The second delicate point is the periodicity. From

$$3^{20}\equiv1\pmod{100},$$

we get

$$3^{n+20}=3^n3^{20}\equiv3^n\pmod{100}.$$

Thus every residue repeats after $20$ exponents. Without this explicit congruence, checking only finitely many powers would not justify the claim for all $n$.
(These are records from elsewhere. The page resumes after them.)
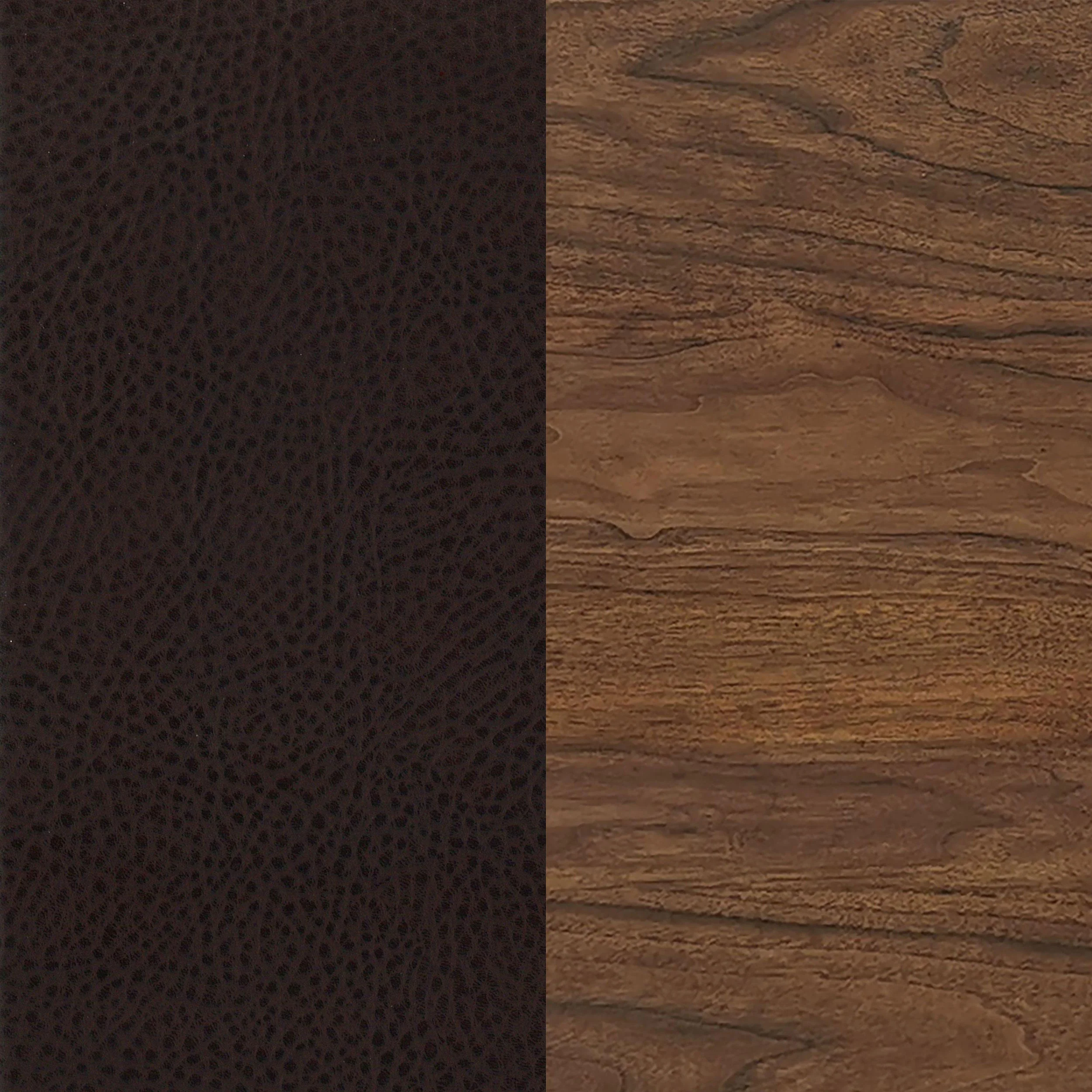 Dewey Counter Chair - Image 12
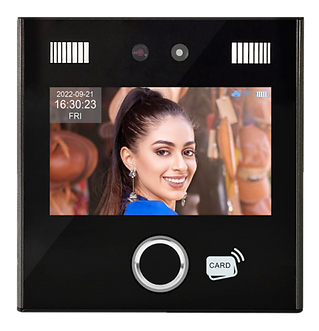 Cash Time AI Face11F - 1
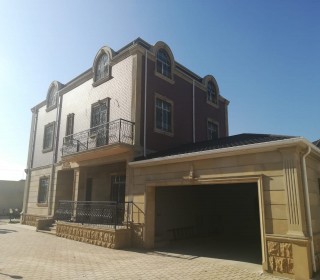 fatmaide villa satilir, -2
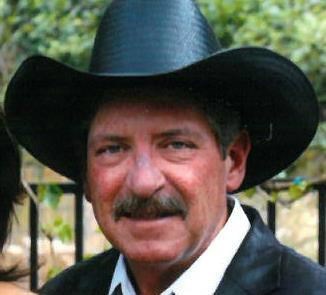 Obituary of James Michael Aplanalp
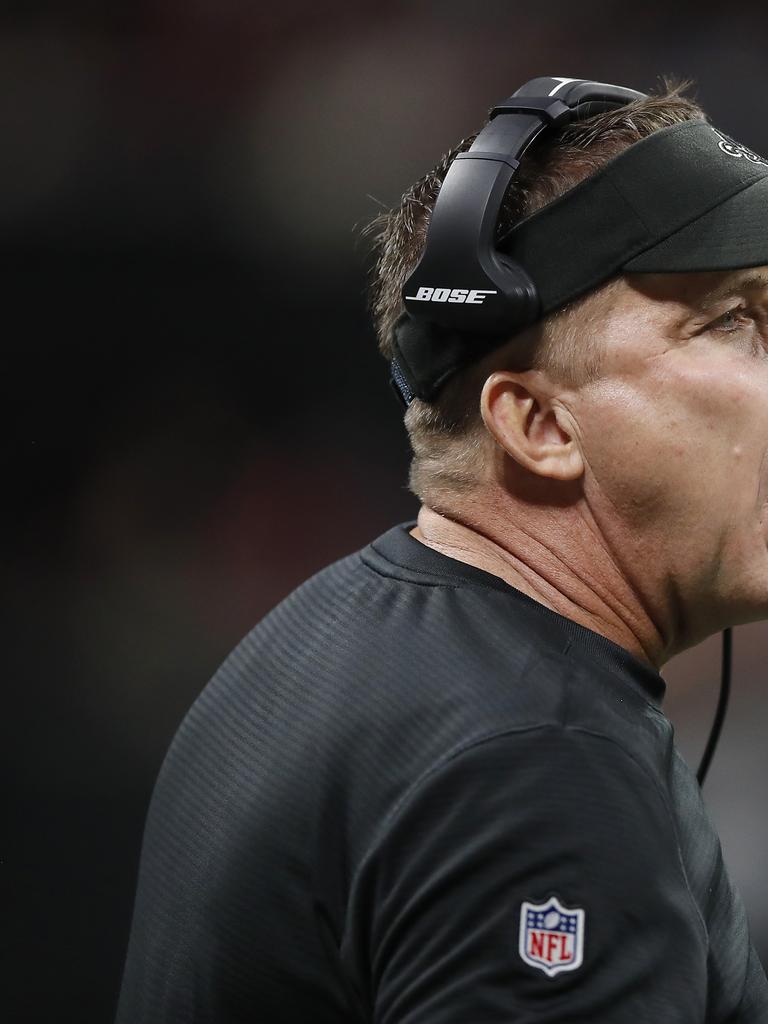 Broncos vs. Dolphins NFL Week 3 2023 preview: Is Sean Payton on the hot  seat already? What's up with Russell Wilson? - The Phinsider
A third place where mistakes can occur is the reduction of exponents. For $n=22$, the decomposition gives $k=0$, $r=22$. For $n=23$, it gives $k=1$, $r=3$. Every integer $n>2$ is covered, and no exponent outside the verified range is needed.

Alternative Approaches

A shorter argument uses Euler's theorem. Since $\gcd(3,100)=1$ and

$$\varphi(100)=40,$$

Euler's theorem gives

$$3^{40}\equiv1\pmod{100}.$$

One may then compute the $40$ possible residues modulo $100$ and check that every one has an even tens digit. This proves the result but requires twice as many cases.

Another approach works modulo $20$. The tens digit of a number $N$ is even exactly when the residue of $N$ modulo $20$ belongs to the set

$${0,1,\dots,9}.$$

The powers of $3$ modulo $20$ form the cycle

$$3,9,7,1.$$

Combining this with the fact that every power of $3$ is odd determines the possible last two digits and leads again to an even tens digit. The direct modulo $100$ method is more transparent because it tracks the last two digits exactly.